** Opening Input data block **

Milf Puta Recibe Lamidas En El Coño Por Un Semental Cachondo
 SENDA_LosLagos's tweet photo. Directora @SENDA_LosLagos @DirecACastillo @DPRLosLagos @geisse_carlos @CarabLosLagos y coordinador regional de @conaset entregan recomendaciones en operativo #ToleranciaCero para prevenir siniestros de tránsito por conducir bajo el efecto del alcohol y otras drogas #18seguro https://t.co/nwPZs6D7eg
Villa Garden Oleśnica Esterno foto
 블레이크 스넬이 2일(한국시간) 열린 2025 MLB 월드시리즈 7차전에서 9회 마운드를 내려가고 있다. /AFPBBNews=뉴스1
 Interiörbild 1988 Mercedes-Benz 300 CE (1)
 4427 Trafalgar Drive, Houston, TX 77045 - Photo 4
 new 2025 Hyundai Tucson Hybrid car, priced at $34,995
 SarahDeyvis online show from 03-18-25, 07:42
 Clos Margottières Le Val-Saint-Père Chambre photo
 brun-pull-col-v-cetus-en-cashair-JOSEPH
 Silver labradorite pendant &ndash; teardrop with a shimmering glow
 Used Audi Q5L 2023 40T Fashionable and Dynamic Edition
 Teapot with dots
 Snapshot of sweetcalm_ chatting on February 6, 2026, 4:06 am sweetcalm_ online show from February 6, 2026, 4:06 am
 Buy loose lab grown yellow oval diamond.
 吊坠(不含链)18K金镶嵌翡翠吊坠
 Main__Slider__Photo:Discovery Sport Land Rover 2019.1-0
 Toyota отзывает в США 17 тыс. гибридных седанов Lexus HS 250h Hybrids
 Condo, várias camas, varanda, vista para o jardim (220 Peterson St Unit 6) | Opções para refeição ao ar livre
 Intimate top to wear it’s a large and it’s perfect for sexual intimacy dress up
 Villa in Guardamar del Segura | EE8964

** Closing Input data block **

All of the entries above should be transcribed exactly, line for line.

Milf Puta Recibe Lamidas En El Coño Por Un Semental Cachondo
 SENDA_LosLagos's tweet photo. Directora @SENDA_LosLagos @DirecACastillo @DPRLosLagos @geisse_carlos @CarabLosLagos y coordinador regional de @conaset entregan recomendaciones en operativo #ToleranciaCero para prevenir siniestros de tránsito por conducir bajo el efecto del alcohol y otras drogas #18seguro https://t.co/nwPZs6D7eg
Villa Garden Oleśnica Esterno foto
 블레이크 스넬이 2일(한국시간) 열린 2025 MLB 월드시리즈 7차전에서 9회 마운드를 내려가고 있다. /AFPBBNews=뉴스1
 Interiörbild 1988 Mercedes-Benz 300 CE (1)
 4427 Trafalgar Drive, Houston, TX 77045 - Photo 4
 new 2025 Hyundai Tucson Hybrid car, priced at $34,995
 SarahDeyvis online show from 03-18-25, 07:42
 Clos Margottières Le Val-Saint-Père Chambre photo
 brun-pull-col-v-cetus-en-cashair-JOSEPH
 Silver labradorite pendant &ndash; teardrop with a shimmering glow
 Used Audi Q5L 2023 40T Fashionable and Dynamic Edition
 Teapot with dots
 Snapshot of sweetcalm_ chatting on February 6, 2026, 4:06 am sweetcalm_ online show from February 6, 2026, 4:06 am
 Buy loose lab grown yellow oval diamond.
 吊坠(不含链)18K金镶嵌翡翠吊坠
 Main__Slider__Photo:Discovery Sport Land Rover 2019.1-0
 Toyota отзывает в США 17 тыс. гибридных седанов Lexus HS 250h Hybrids
 Condo, várias camas, varanda, vista para o jardim (220 Peterson St Unit 6) | Opções para refeição ao ar livre
 Intimate top to wear it’s a large and it’s perfect for sexual intimacy dress up
 Villa in Guardamar del Segura | EE8964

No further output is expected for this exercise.